Leverage Edu just proved agility beats adversity in the study-abroad game. As visa crackdowns and diplomatic tensions shut down traditional routes from India to Canada and the U.S., the edtech startup pivoted fast - rerouting students to Germany and helping Canadian universities recruit from Nigeria. The moves paid off: revenue doubled to $20 million, the company turned profitable for the first time, and it's now expanding across 16 countries while eyeing a potential IPO in 2026.
When India-Canada relations hit rock bottom in 2023, thousands of Indian students watched their study-abroad dreams crumble. Visa applications stalled, university partnerships froze, and traditional consultants scrambled for answers.
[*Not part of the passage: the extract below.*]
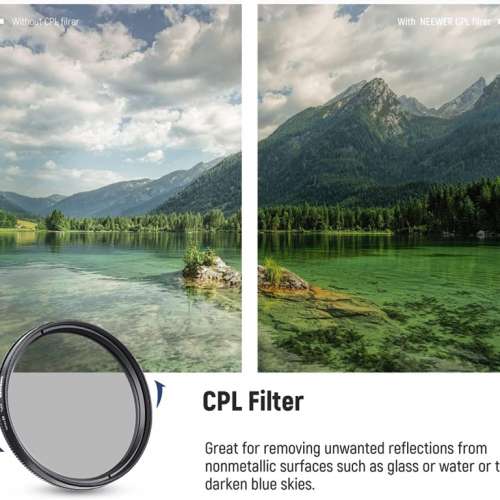 NEEWER CA086 SQUARE Lens Hood With UV, CPL & ND4 Filter Set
But Leverage Edu saw opportunity in the chaos.
The eight-year-old startup didn't just survive the diplomatic fallout - it thrived. While competitors struggled to adapt, Leverage quickly rerouted Indian students from Canada to Germany and simultaneously helped Canadian universities recruit from Nigeria. The strategy essentially salvaged student pipelines in both regions, turning a geopolitical crisis into a growth opportunity.
"Our gap has narrowed with most of our global competitors who were either large listed companies or who had raised some of these mega rounds," founder and CEO Akshay Chaturvedi told TechCrunch.
That agility is paying dividends. The Noida-based startup just closed fiscal 2025 with over ₹1.8 billion (around $20 million) in revenue - double the previous year's ₹900 million. More impressively, it turned profitable for the first time, generating ₹120-130 million ($1.4-1.5 million) after tax in a sector where profitability remains elusive for most players.
The turnaround represents a stunning 256% swing from fiscal 2025's ₹800 million loss. Between April and September alone, Leverage generated over ₹2 billion ($23 million) and projects hitting ₹3.7-3.8 billion ($45 million) by year-end.
Leverage's secret sauce lies in geographic diversification. The startup now operates across 16 source countries, placing over 10,000 students annually into universities across 11 destinations - up from just 1,500 placements a few years ago. That growth comes with impressive unit economics: 60% of student acquisitions cost zero in customer acquisition spend, according to Chaturvedi.
The company's expansion accelerated dramatically in recent months, adding Saudi Arabia, Egypt, Vietnam, and Malaysia to its roster. These emerging markets represent untapped demand pools where students seek international education but lack structured admissions support.